著名诗人李老乡曾对《当代文艺思潮》的主编谢昌余说:“现在有两颗大勋章,一颗是你们给甘肃文艺界挂上去的,这就是你们的刊物,一颗是徐敬亚给你们挂上去的,这就是《崛起的诗群》这篇文章。”(10)《崛起的诗群》成为继谢冕《在新的崛起面前》,孙绍振《新的美学原则在崛起》之后的第三个“崛起”,这篇文章之后,才有了著名的“三崛起”之说。在某种程度上,他们的精神是一致的,都是对于刚刚兴起的现代派诗潮的宽容和肯定。但在激烈焦灼的20世纪80年代,由于身份地位,思想资源,话语方式等方面的差异,这三篇文章,以及三位作者,却获得了不同的待遇。
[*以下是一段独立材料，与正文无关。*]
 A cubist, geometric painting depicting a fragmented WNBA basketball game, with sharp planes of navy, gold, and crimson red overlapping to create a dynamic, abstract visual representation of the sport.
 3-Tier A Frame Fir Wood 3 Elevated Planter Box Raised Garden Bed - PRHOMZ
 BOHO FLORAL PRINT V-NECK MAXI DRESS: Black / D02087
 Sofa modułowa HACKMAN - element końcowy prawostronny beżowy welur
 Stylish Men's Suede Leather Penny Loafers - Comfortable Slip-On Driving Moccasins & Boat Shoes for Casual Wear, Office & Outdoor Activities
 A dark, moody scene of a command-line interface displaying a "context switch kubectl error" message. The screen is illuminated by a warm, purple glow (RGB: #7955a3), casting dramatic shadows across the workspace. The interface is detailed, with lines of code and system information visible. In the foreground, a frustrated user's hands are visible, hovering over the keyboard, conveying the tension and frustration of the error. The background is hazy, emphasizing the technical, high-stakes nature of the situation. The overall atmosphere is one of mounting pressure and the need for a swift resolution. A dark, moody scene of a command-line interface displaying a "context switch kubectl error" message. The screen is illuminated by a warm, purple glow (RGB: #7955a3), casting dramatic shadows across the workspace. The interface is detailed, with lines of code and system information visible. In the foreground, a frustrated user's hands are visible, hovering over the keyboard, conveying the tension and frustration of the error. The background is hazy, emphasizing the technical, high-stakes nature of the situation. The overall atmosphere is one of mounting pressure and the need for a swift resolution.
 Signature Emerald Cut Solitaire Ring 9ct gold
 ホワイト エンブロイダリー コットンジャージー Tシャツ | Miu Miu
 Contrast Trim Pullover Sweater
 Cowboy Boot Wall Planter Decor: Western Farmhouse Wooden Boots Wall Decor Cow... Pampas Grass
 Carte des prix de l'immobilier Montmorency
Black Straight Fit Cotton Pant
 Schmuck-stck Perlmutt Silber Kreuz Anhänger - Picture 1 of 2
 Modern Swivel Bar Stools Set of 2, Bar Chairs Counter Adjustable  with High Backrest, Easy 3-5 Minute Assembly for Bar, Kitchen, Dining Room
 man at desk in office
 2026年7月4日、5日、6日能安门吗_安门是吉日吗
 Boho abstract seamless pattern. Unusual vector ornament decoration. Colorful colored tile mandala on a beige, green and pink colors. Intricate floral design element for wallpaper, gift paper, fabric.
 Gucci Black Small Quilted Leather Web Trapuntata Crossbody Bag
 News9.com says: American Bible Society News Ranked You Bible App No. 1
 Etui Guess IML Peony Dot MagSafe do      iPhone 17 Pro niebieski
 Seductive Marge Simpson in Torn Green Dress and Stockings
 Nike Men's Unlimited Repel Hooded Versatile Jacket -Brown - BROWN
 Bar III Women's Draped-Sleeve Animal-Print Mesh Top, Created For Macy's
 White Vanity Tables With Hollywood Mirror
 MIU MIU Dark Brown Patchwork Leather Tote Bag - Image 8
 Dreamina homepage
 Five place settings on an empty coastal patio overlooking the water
谢冕在《在新的崛起面前》一开篇就指出:“新诗面临着挑战,这是不可否认的事实。”(11)他认为新诗在“五四”之后,经历了30年代的关于大众化的讨论,40年代关于民族化的讨论,50年代向新民歌学习的讨论,正走着越来越窄狭的道路,以艾青和郭沫若为例,他认为新诗的问题在于忽略了对于外国诗歌的借鉴。在此前提下,他以五四新诗运动作为自己的思想资源,肯定写着 “古怪”诗歌的朦胧诗人们的革命精神,主张“听听、看看、想想,不要急于‘采取行动’”,主张“有一部分诗让人读不太懂”,最后以“接受挑战吧,新诗”(12)结束。谢冕站在当时文艺界的角度,指出新诗面临的问题和出路,并以宽容态度居之,整篇文章中规中矩,合情合理。如果说谢冕文章的矛头还不那么明显,针对的是30到50年代的某种文艺思潮,那么孙绍振在《新的美学原则在崛起》中,显然比谢冕更进了一步。他首先指出,权威和传统的不可侵犯性,是思想解放运动和艺术革新的障碍。思想解放运动正是当时的历史主流,这就意味着,朦胧诗人们是在顺历史潮流而行。孙绍振在谢冕的基础上进一步指出:“与其说是新人的崛起,不如说是一种新的美学原则的崛起。”同时,他从哲学的角度,探讨朦胧诗中人的价值标准问题,并给与肯定。总的来看,谢冕和孙绍振分别以“五四”诗歌运动、思想解放运动作为思想资源,获得了言说的合法性和可能性。在整个行文过程中,都比较客观,并未涉及具体的艺术细节,而是有所保留和克制。

较之谢冕和孙绍振文章的中规中举、宽容平和,徐敬业更极端激进,涉及了大量的细节问题。彭礼贤在《评1980年代文艺上的现代派问题论争》中指出:谢文几乎无辫子可抓,而孙文和徐文则相对来说被批判得多一点,尤其是徐文。有些话容易引起误解。表面看来,徐文充满了思想解放运动的精神,和当时的历史方向是契合的。那么,究竟是什么原因使得它成为众矢之的?在这篇激情四溢的文章中,究竟充满了哪些不确定和可疑的因素?又有哪些可贵的声音被遮蔽和淹没?

徐文中的疑点和偏颇,涉及的并非可以忽略的小问题,而是当时敏感的大问题,被批判的命运一开始便已注定。首先是传统诗歌资源的问题。徐敬业把新诗潮看作标志着我国诗歌全面生长的新时期,他认为,过去三十年的诗歌道路没有任何突破和创新,新诗潮开始,诗歌才开始真正地在政治观念上思考之外,开始对诗自身的规律进行认真的回想,他把这股新诗潮作为了诗歌艺术的可贵转机和必由之路。他在新诗潮的诗歌中,看到了对“艺术反映生活”、“理性诗”、“连贯情节”、“顺序时空观”、“单一主题”、“具象艺术”等传统艺术表现手法和方式的反叛,对传统诗歌“韵律、节奏及标点”的新处理等。言语之间,透露出对既往诗歌历史的间接否定,对“人类的艺术,要不要千秋万代地囿限于现实主义和浪漫主义之中”的一种怀疑。同时,他看到“我国民族几千年道德观念和文学传统对青年们的无形哺育和制约”,最后,徐氏得出结论和对未来诗歌走向的预测:“中国新诗的未来主流,是五四新诗的传统(主要是指40年代以前的)加现代表现手法,并注重与外国现代诗歌的交流,在这个基础上建立多元化的新诗总体结构。”(14)很显然,徐敬亚所要接续的传统,是天安门学生运动,“五四”和30年代等40年代以前的诗歌资源。他所要极力回避的,是40年代以来一直占统治和主流地位的诗歌传统。在这一艺术规范还处于社会的主流和权威地位的语境中,徐敬亚无疑是在冒天下大不韪。